The Treasury confirmed yesterday that Philip Hammond will investigate the use of tax incentives to make it easier for operators to sell oil and gas fields, helping to keep them productive for longer.

A panel of experts will be set up to examine the issue and a discussion paper on how to help the industry will also be published.



The Treasury said the moves would further help a vital industry that meets around 50 per cent of the UK’s primary energy needs.

It said the measures would build on “unprecedented support already provided to the oil and gas sector through £2.3bn packages in the last three years”.

The move comes after the Scottish government’s finance secretary, Derek Mackay had written to the chancellor calling for “action to improve decommissioning tax relief, ensuring that the right assets are in the right hands”.

Experts in Scotland said addressing the issue of the North Sea’s finances had now become critical.

Derek Leith, EY Partner and head of oil and gas tax, said: “Tax relief for decommissioning expenditure is a critical issue for the oil and gas industry, and HM Treasury’s announcement that a panel is to be set up to consider specific aspects of the relief mechanism will be welcomed.

“It is often said that the right assets need to be in the right hands to maximise economic recovery late in the life of the North Sea. Any hindrance to new investors being able to obtain effective tax relief for decommissioning costs may create a barrier to entry for those who want to invest in the future of the basin. Changes that remove such barriers can only be positive for the industry and the associated supply chain.

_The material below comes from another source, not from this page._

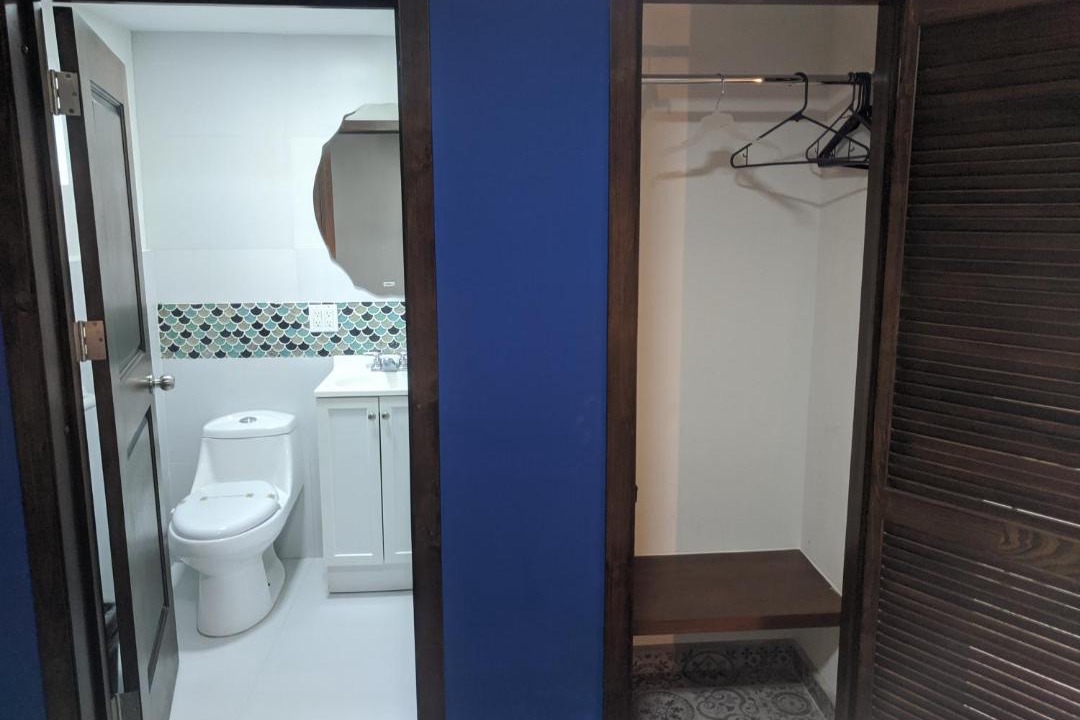 Photo of Bathroom in Bella Vista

“While this announcement is a clear indication that HM Treasury understands the significance of this issue, much hard work lies ahead to prove the case for change and identify a satisfactory solution that does not increase the Exchequer’s exposure to decommissioning.”

In response to the Treasury’s announcement, OGUK chief executive Deirdre Michie said: “This appears to be a positive development and we look forward to hearing more detail in the spring Budget statement.

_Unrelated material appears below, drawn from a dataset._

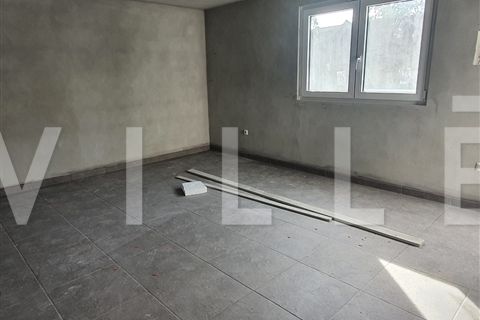 Villa i Aveiro, Aveiro, Aveiro - € 390.000 | Ref: AV2716 - foto 10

“The sale of oil and gas fields is a complex issue and the tax regime can help facilitate the movement of assets and support maximising economic recovery.

“We have been working closely with Treasury and the Oil and Gas Authority to identify where the tax regime needs to improve.

“We hope that we can work together with Treasury and the expert panel to progress reform as soon as possible.”

UK Government minister for Scotland, Andrew Dunlop, said: “This is really positive news for Scotland’s oil and gas industry. There are very significant reserves still in the North Sea, and it is vital that the UK Government does all it can to help the industry maximise these.

“Our oil and gas industry is very much open for business, and the north-east of Scotland is a great place to invest. We need to ensure our tax regime helps support the industry in the most appropriate way.”